┌──

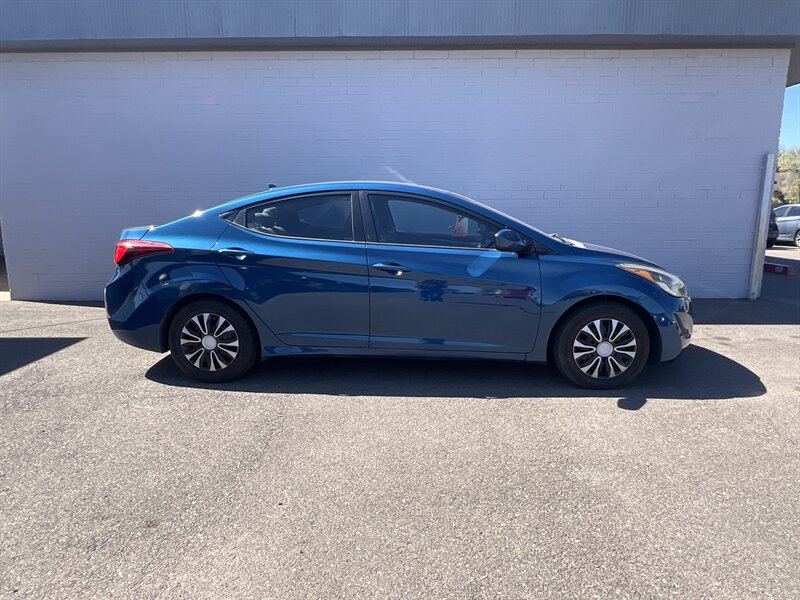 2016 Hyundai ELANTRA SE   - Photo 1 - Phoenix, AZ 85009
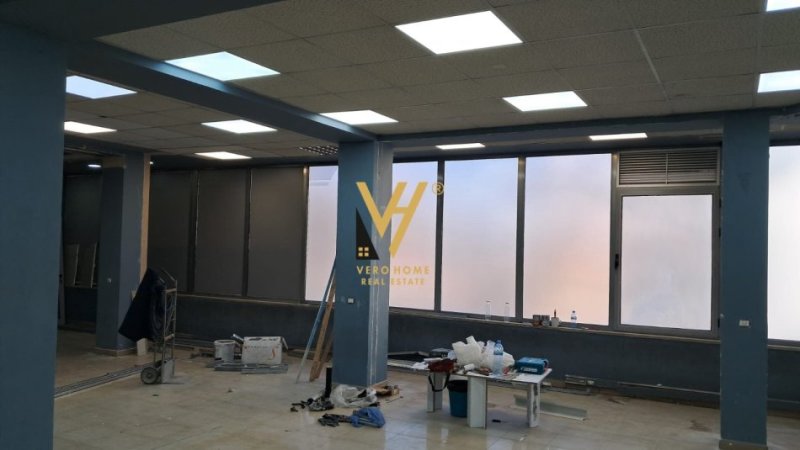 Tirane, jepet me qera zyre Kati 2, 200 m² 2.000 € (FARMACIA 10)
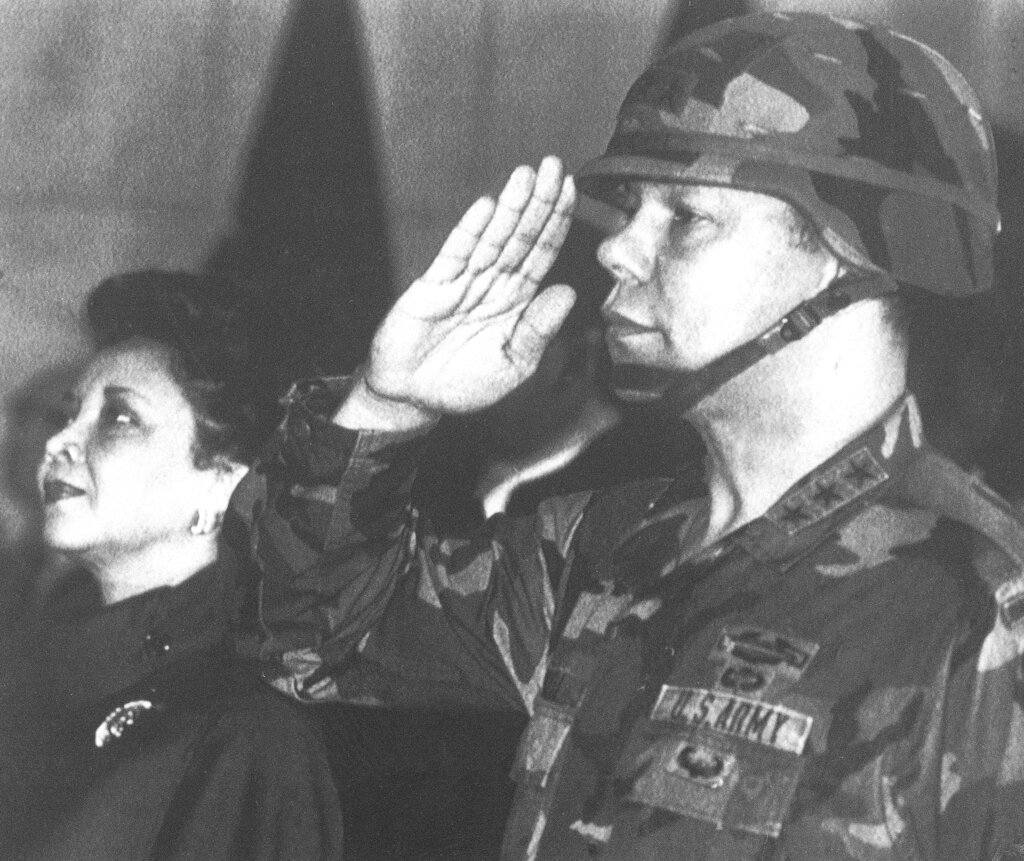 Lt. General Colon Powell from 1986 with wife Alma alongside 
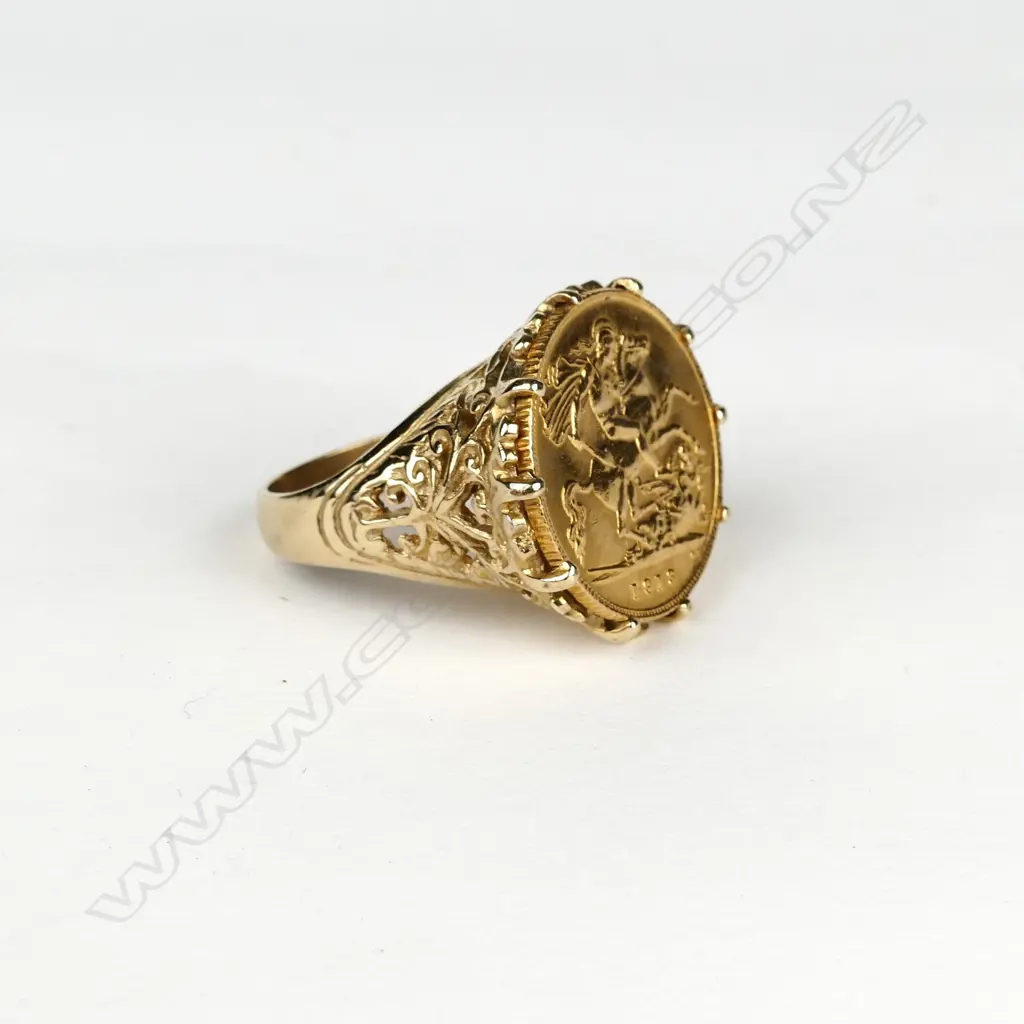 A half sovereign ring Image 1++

└──

* [WHAT THE TASK REQUIRES]
Skipping any images, write out all the data exactly.

* [OUTPUT FOR THIS EXERCISE]
 2016 Hyundai ELANTRA SE   - Photo 1 - Phoenix, AZ 85009
 Tirane, jepet me qera zyre Kati 2, 200 m² 2.000 € (FARMACIA 10)
 Lt. General Colon Powell from 1986 with wife Alma alongside 
 A half sovereign ring Image 1++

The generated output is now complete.